PHOTO: Rebecca Lovell

UW Business School's First McGowan Scholar

In 2005 Rebecca Lovell, a second-year MBA student from Seattle, became the first UW student to win the scholarship named after – and funded by – William G. McGowan, the late founder of MCI Communications and catalyst of 1980s telecommunications deregulation. Each year, the McGowan Charitable Fund metes out scholarships to a select group of management students who exhibit extraordinary leadership, academic achievement, character, entrepreneurship and commitment to the community.

The scholarships were inspired by McGowan's own experience. A working-class kid from Pennsylvania's hardscrabble coal country, McGowan worked his way through college and eventually saved up enough to pay for a year of Harvard Business School. But he would have been forced to drop out had it not been for a scholarship that saved the day and paved the way for his industry-altering success and the philanthropy that followed. McGowan spent much of his later life giving back to communities that offered him opportunity.

Lovell hopes to emulate and even accelerate the payback. "I find McGowan's approach inspirational," she says.

A circuitous early career took her from a $5 billion multi-national company to a software provider to an executive placement firm to an international law firm to a non-profit social service organization. And whatever her initial position, she inevitably gravitated toward training and development. "It has always demanded the most of my passion and energy," Lovell says. "I've been chasing that piece ever since my career began."

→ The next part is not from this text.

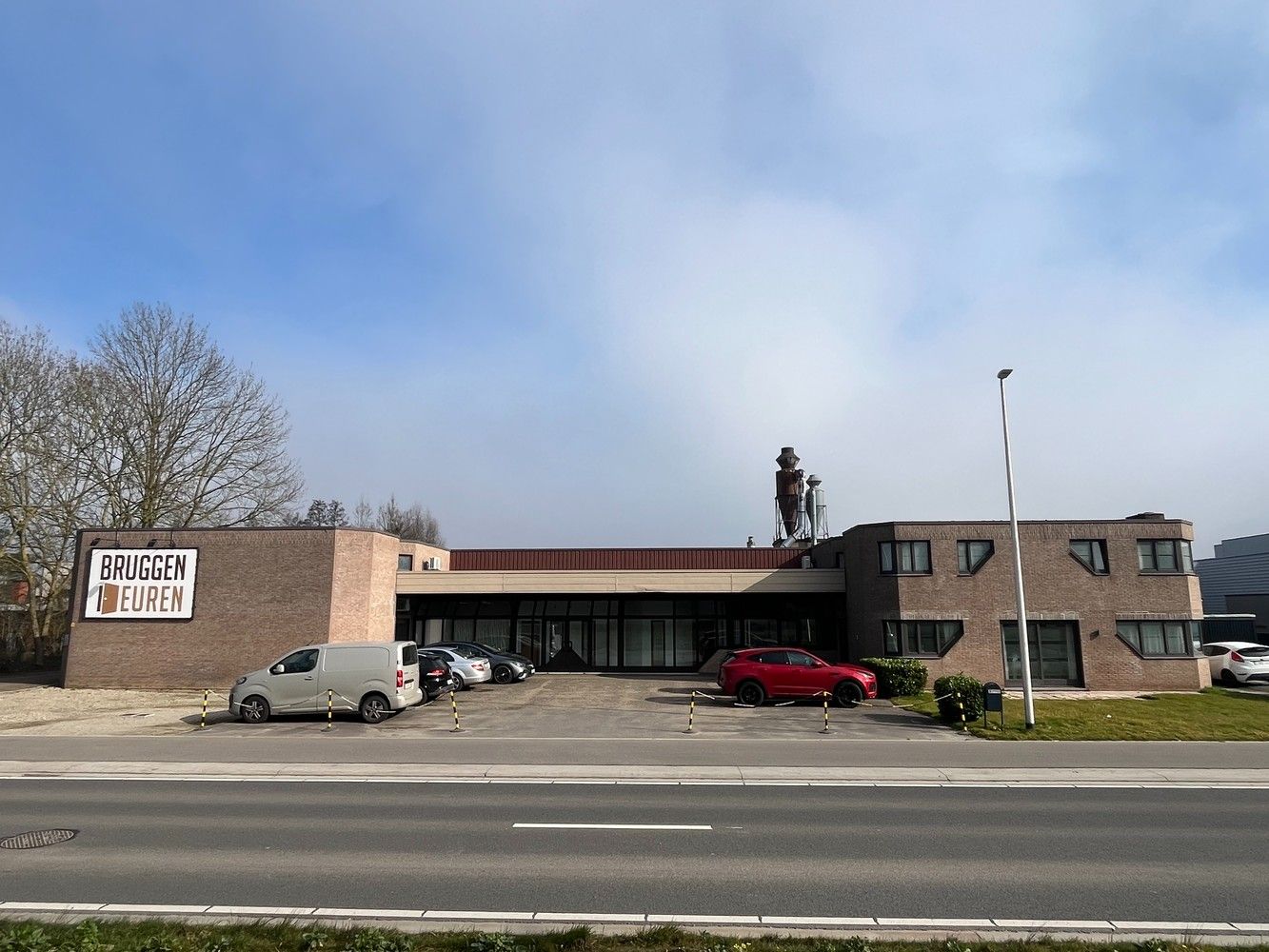 Bedrijfsgebouw met woning foto 2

With a McGowan proclivity for philanthropy, a decade of experience in training and development, and an entrepreneurial streak a mile wide, she took the next logical step: planning to start her own non-profit organization that would help prepare underprivileged women to enter the work force. But first she needed to enhance her financial skill set. "I don't like asking people to do anything that I don't understand," she says. "I felt the UW MBA program would give me both the discipline and the credibility I needed to succeed."

The arrival of the McGowan Scholarship, which covers her second-year tuition, is affording Lovell the fiscal liberation to embrace a wide array of extra-curricular activities in the MBA program and the greater civic community. She is co-chair of the Challenge for Charity auction and serves as MBA Association vice president of internal student affairs, career counselor at the Business Connections Center, and leadership fellow to first-year study teams. She's also been able to continue serving on a non-profit board and to take an internship with Rosehedge, an AIDS housing and health care organization, along with other civic endeavors.

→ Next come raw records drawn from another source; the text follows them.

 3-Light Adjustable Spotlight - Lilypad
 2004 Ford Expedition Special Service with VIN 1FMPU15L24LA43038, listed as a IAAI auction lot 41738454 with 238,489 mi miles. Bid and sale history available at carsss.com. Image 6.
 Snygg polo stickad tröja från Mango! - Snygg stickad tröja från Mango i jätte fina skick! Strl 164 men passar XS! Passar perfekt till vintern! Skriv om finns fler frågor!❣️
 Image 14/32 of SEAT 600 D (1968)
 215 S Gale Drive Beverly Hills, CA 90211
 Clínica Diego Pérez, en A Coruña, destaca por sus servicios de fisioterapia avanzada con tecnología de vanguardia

"I feel that all UW MBAs, past and present, act as ambassadors to the greater Seattle civic community," she says. "And I take this role seriously. I do my best to represent the program in every capacity in which I serve, on and off campus."

Ultimately, Lovell believes the scholarship will help her fully pursue her non-profit dream, which is certainly a less lucrative aspiration than the typical MBA's, but would probably be okay in William McGowan's book.

"This scholarship is going to help me focus on what's important to me," Lovell says. "I don't have to take jobs outside of my interest. I can stay really focused."

"I feel that all UW MBAs, past and present, act as ambassadors to the greater Seattle civic community. And I take this role seriously. I do my best to represent the program in every capacity in which I serve, on and off campus."